How amazing is this world that they are living in? The future sounds incredible, you know, other than the population being sterile and these are the last two kids left alive on earth… But how the technology advanced, how robots became a part of every day life and how although they survive pretty normally without them, they replaced people like chefs, life guards, shop tellers and supermarket attendants. I also find it rather thought inducing, to think that they are using social media accounts to get a feel for the past. The past that is our current reality. It makes you think about what kind of legacy you are leaving, what kind of footprint are you leaving for future generations to see and remember you by?

Already I am so into this book, I want to know more about this virus, about where it came from, who made it and why? I love books like this, with some kind of chemical warfare that changes the world. Dystopias are my favourite, as long as there is no love triangle…

Okay, so wow, this book is really good. But what I like the most about it, is that it is so thought provoking. The reader is constantly being reminded that these two kids, Lowrie and Shen are the last two people on earth… yes they have families at the moment, but when they die, they will be the last two people, and if for some reason they are able to conceive a child or two, then those children will be the last ones ever… scary thought!
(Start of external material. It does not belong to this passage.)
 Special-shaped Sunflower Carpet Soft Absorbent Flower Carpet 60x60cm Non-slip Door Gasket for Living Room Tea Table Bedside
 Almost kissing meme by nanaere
It is heartbreaking to watch Lowrie and Shen come to the realisation that they are going to watch all the people that they know and care about die, just vanish from the world and leave them alone with the robots. I can’t imagine what that would be like.
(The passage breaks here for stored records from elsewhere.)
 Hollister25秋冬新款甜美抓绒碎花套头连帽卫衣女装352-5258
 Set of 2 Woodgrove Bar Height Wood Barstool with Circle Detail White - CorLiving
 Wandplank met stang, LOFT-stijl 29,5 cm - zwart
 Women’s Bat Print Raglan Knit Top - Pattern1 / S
What. Hang on. Hold the bus. Lowrie’s last name is Mountbatten-Windsor Lowrie is a gosh darn royal! What the heck! No wonder she lives in such a fancy house with so many servant bots and an incredibly rich family!
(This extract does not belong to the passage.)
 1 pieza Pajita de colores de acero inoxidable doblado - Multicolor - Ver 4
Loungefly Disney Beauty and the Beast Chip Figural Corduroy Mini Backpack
The way social media is used in this book is scary. I think I touched on this earlier, but Lowrie and Shen are using it as historical research, to see what the world was like before the sterility. It is terrifying to think that, that may happen to our current social media accounts. Is what we are sharing with the world today, what future generations will find and think that it is a perfect representation of how we lived?

I am just over halfway now, and things are starting to get rough… I am almost too scared to read on, I don’t think I am ready to see these teens suffer from the pain of losing their parents. I just hope that it doesn’t happen like this..

What the actual heck is going on here? The parents all have electrical boards in their heads… I was trying to write this review, spoiler free, but I just can’t. Too much is happening and I need to rant!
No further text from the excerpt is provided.